Seminar Announcement

Speaker: Prof. Paolo Romano
Location and schedule: Room Archimede - November 21 2019 at 15:00-16:30


Title

Bridging the gap between transactional memory and two emerging hardware technologies: non-volatile memories and heterogeneous computing architectures.

Abstract

Transactional Memory (TM) is a simple, yet powerful, synchronization abstraction for concurrent programming, whose popularity has grown largely over the last years: nowadays, hardware supports for TM are provided in commodity CPUs (e.g., by Intel and IBM) and, at the software level, TM has been integrated in mainstream programming languages, such as C/C++ and Java. In this talk I will present the novel challenges and research opportunities that arise in the area of TM due to the emergence of two recent hardware trends, namely Non-Volatile Memory (NVM) and heterogeneous computing architectures. On the front of NVM, I will present NV-HTM [1], a system that allows the execution of transactions over NVM using unmodified commodity hardware TM (HTM) implementations. NV-HTM exploits a hardware-software co-design approach that exploits two key novel ideas: i) relying on software to persist transactional modifications after they have been committed via HTM; ii) asynchronous checkpointing schemes that not only bound the log space and recovery time, but also implement wear leveling techniques to enhance NVM's endurance.

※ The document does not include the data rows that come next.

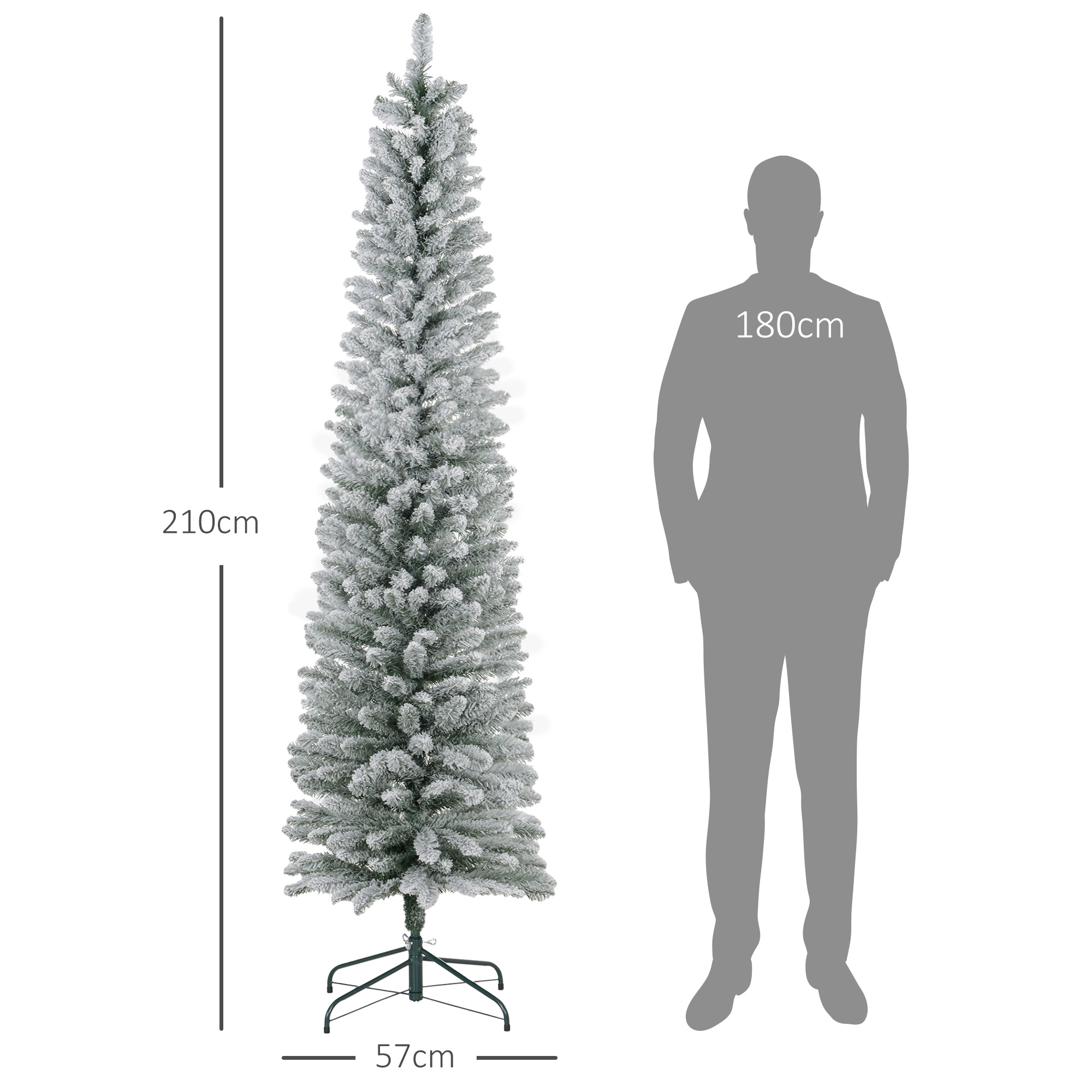 Weihnachtsbaum 210 cm, LED-Lichterkette, Kunstkette, flammhemmend, Metallbasis, Grün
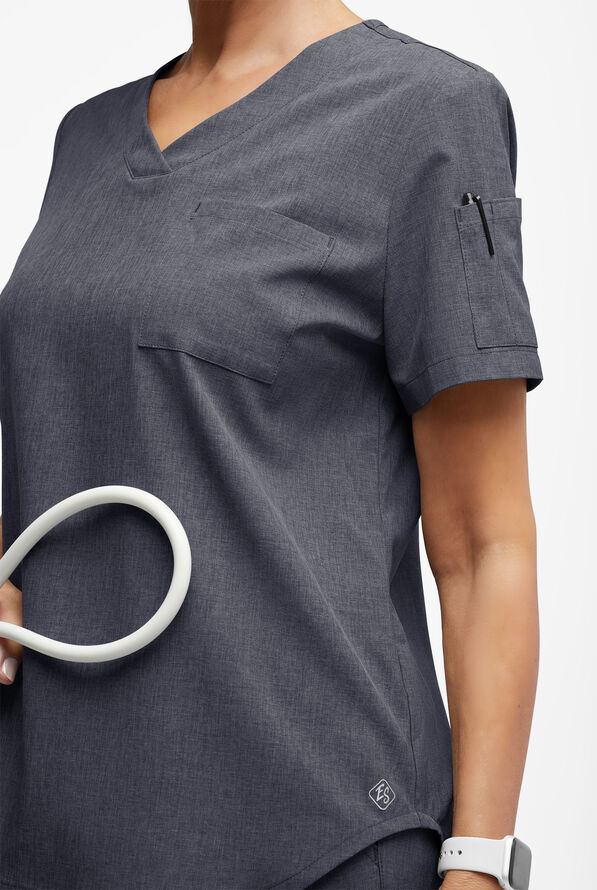 Easy STRETCH Chloe Women's 3-Pocket V-Neck Tuck-In Scrub Top - Charcoal Heather - 3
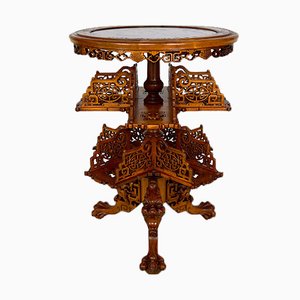 Japonaiserie Pedestal Table with Shelves Attributed to Gabriel Viardot, 1880s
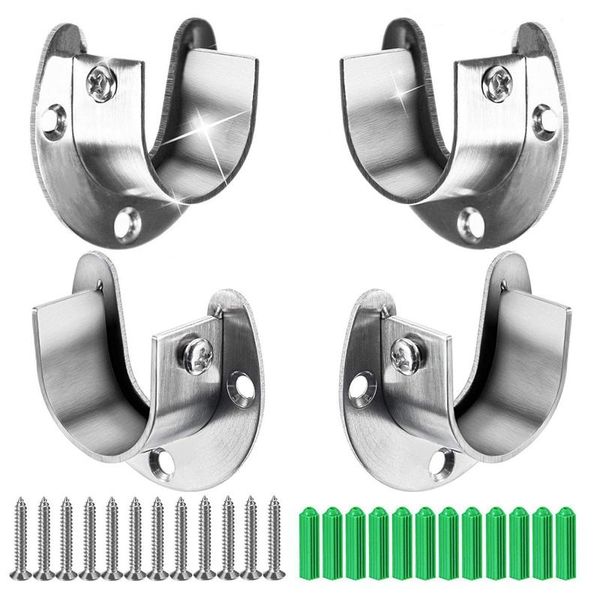 

hangers & racks 4 packs heavy duty stainless steel closet rod end supports pole sockets flange holder with screws, 1-1/3 inches diame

As I will show, NV-HTM can achieve up to 10x speed-ups and up to 11.6x reduced flush operations with respect to state of the art solutions, which, unlike NV-HTM, require custom modifications to existing HTM systems. On the front of heterogeneous computing, I will present the abstraction of Heterogeneous Transactional Memory (HeTM) [2]. HeTM provides programmers with the illusion of a single memory region, shared among the CPUs and the (discrete) GPU(s) of a heterogeneous system, with support for atomic transactions. Besides introducing the abstract semantics and programming model of HeTM, I will present the design and evaluation of a concrete implementation of the proposed abstraction, which we named Speculative HeTM (SHeTM). SHeTM makes use of a novel design that leverages speculative techniques that aim at hiding the large communication latency between CPUs and discrete GPUs and at minimizing inter-device synchronization overhead.

References

[1] D. Castro, J. Barreto and P. Romano, Hardware Transactional Memory meets Persistent Memory, 32nd IEEE International Parallel & Distributed Processing Symposium (IPDPS), 2018

[2] D. Castro, P. Romano, A. Ilic and A. Khan, HeTM: Transactional Memory for Heterogeneous Systems, 28th International Conference on Parallel Architectures and Compilation Techniques (PACT 2019)

Short Bio

Paolo Romano received his PhD from Rome University "Sapienza" (2007) and his Master degree "summa cum laude from Rome University "Tor Vergata" (2002). Paolo is an Associate Professor at Técnico (U. Lisboa) and a Researcher at INESC-ID. His research interests include parallel and distributed computing, dependability, autonomic systems, performability modelling and evaluation, data management in large scale systems, cloud and high performance computing. In these areas, Paolo published more than 140 papers, receiving 3 best awards, and has coordinated several national and European projects, including a COST Action bringing together researchers from 60 institutions and 17 countries. Paolo serves regularly as Program Committee member and reviewer for renowned international conferences and journals, including EuroSys, DSN, ICDCS, MASCOTS, IEEE TKDE, IEEE TPDS, ACM TOPLAS.